Kitchen: Declutter, declutter

It’s hard to sell a home if the buyers can’t picture themselves in the kitchen, so it’s important to spend some time in this room—no matter how small a space you’re working with.


“A really easy way to make a big statement is to declutter counter space. By getting rid of the wine rack, removing chunky pieces, and adding smaller items, this ‘after’ design is much more streamlined,” says McLeod. “Adding the lighter bar stools was a nice touch by adding more space, while keeping the room functional.”


“The kitchen benefits from some simple fixes that help this area feel bigger than it is,” says Damour. “The more streamlined lighting fixtures help to visually expand this room.”


Bedroom: Tone it down

The bedroom may have undergone the biggest change of all, according to these photos, and the experts agree.

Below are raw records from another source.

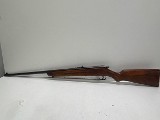 SAVAGE ARMS 19 NRA .22 LR - Image 3 of 12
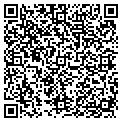 QR code with Fpc contacts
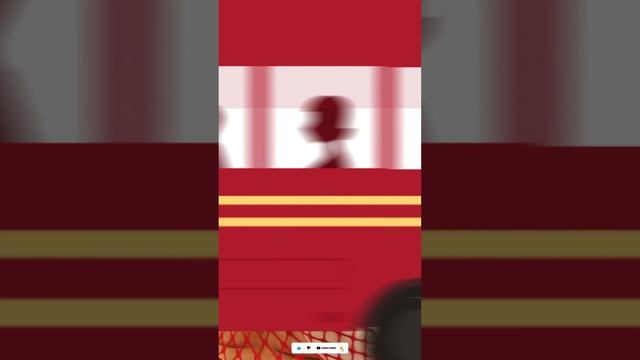 Yazmin FOX – Curvy Model & Plus Size Wiki-Body Positivity-Instagram Star-Fashion Model & Bio смотреть онлайн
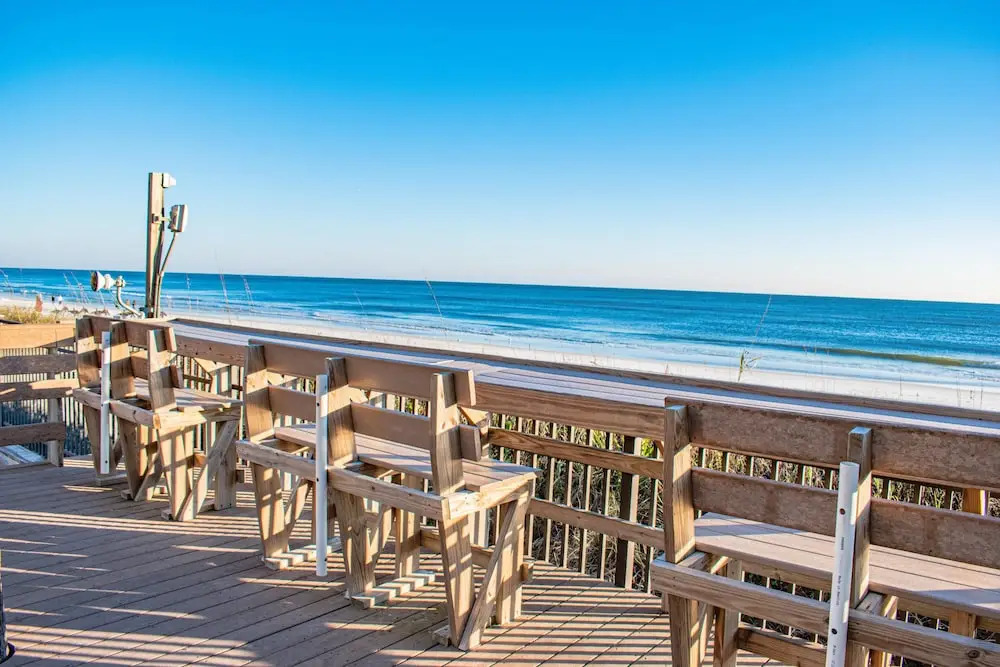 Sterling Shores 413 Sea Sweet S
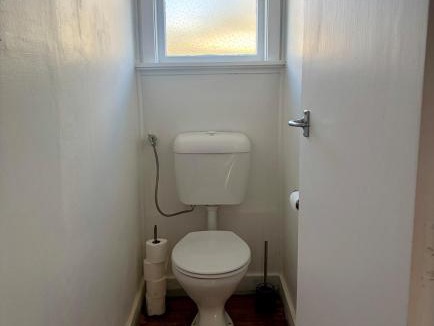 Raglan House | Lorenzen Bay - Fire Pit, SUP, Harbour View & Walks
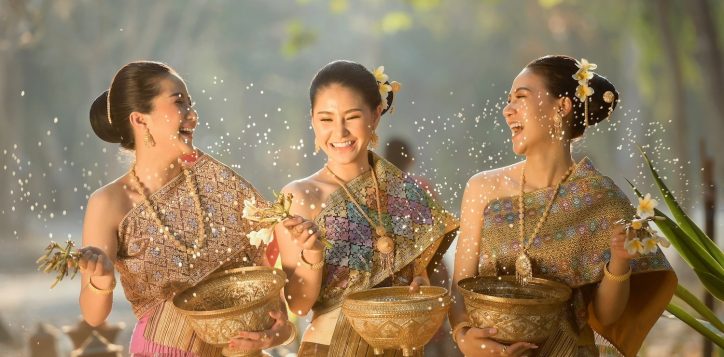 songkran-in-khao-lak-2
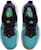 (PS) Kasut Nike Star Runner 4 SE 'Teal Black Purple Cosmos' FJ1806-300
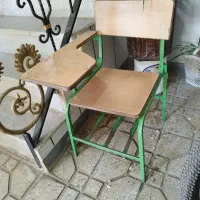 میز مدرسه|لوازم التحریر|اسدآباد, |دیوار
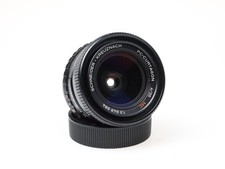 Schneider curtagon 60mm gebraucht kaufen  Wiesbaden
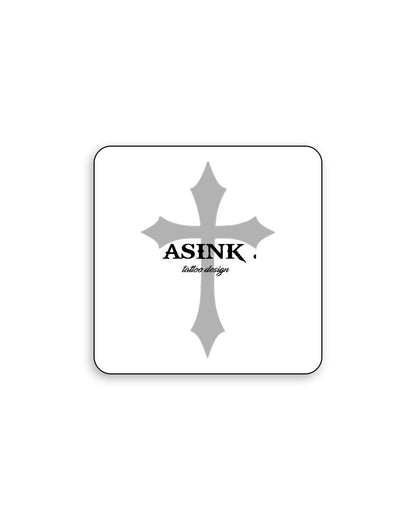 ASINK обратна страна (4:5)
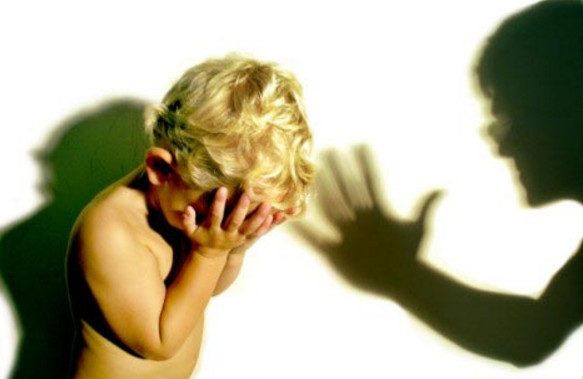 7 прав детей, которые часто нарушают взрослые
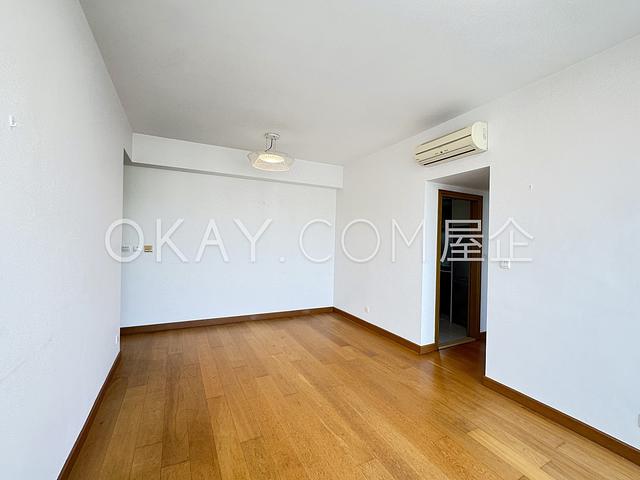 Harmony Place | Harmony Place, Shau Kei Wan - 3
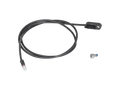 Bosch Trek-Diamant Bosch 750 Smart Speed Sensor Cable, détail produit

“The wall color in the bedroom needs to speak, unconsciously, relaxation,” explains Gray-Plaisted. “Red is an aggressive color when selling—stay away. Neutral soft blue, greens are better for bedrooms. Color is just as personal as the clutter. Neutral tones always help sell better than taste specific colors.”

Damour agrees that the color change was essential.


“This is aided by furniture that can be seen through, as well as large-scale artwork and floor-to-ceiling curtains that make the space feel bigger than it is,” she says.


The walls aren’t the only major change in the room, though.


“Ripping out the carpet was a smart move, as a hardwood floor with a large area rug is always a good idea,” says Damour. “The new window treatments frame the view, and the added greenery is a nice touch, as well as adding balance with side tables on both sides of the bed.”